### Recorded information
---

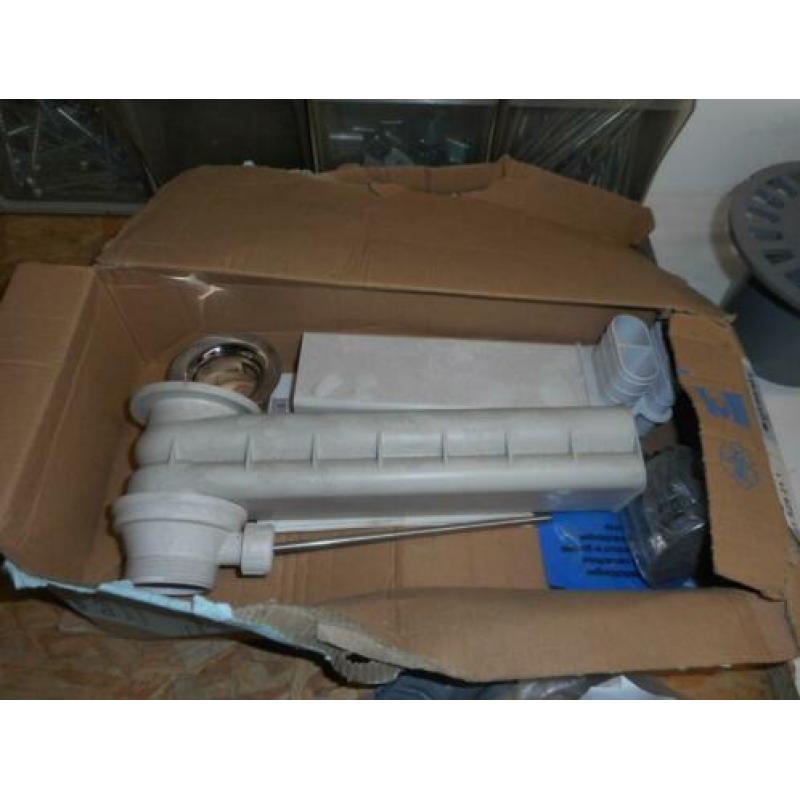 Partij wc riolerings installatie / Kavel 157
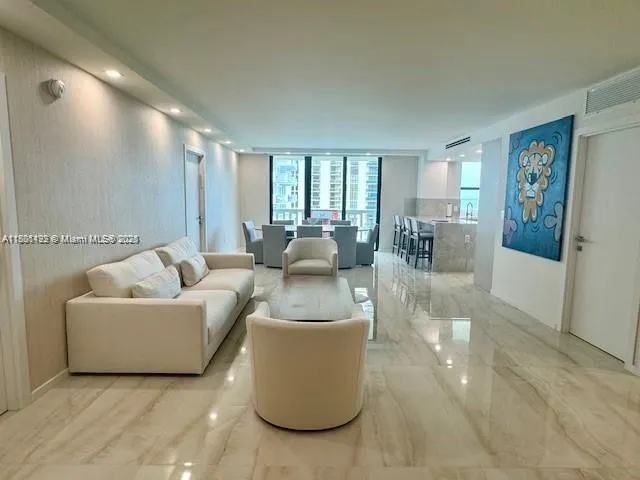 9801 Collins Ave, #14E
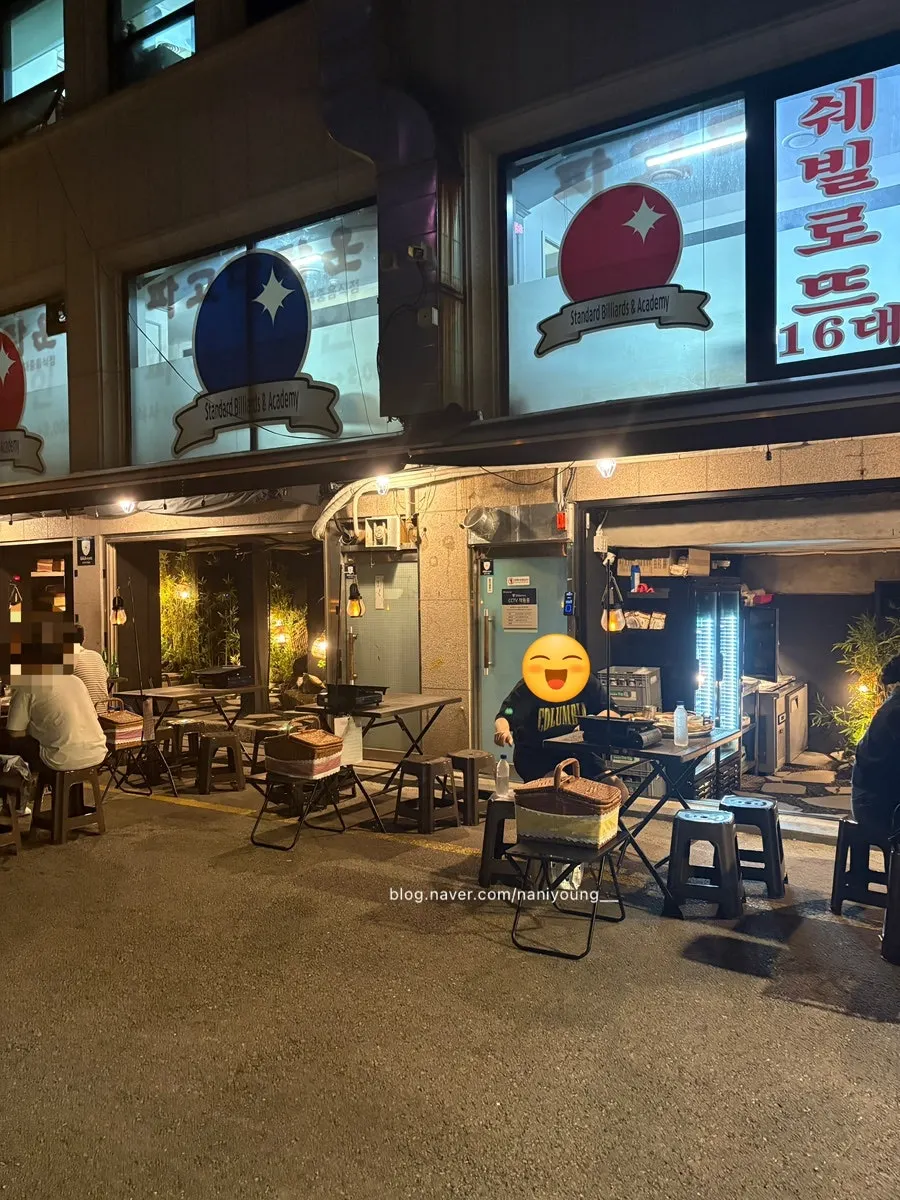 The all-outdoor patio dining area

---

All the lines above need to be repeated exactly, with no pictures carried over.

 Partij wc riolerings installatie / Kavel 157
 9801 Collins Ave, #14E
 The all-outdoor patio dining area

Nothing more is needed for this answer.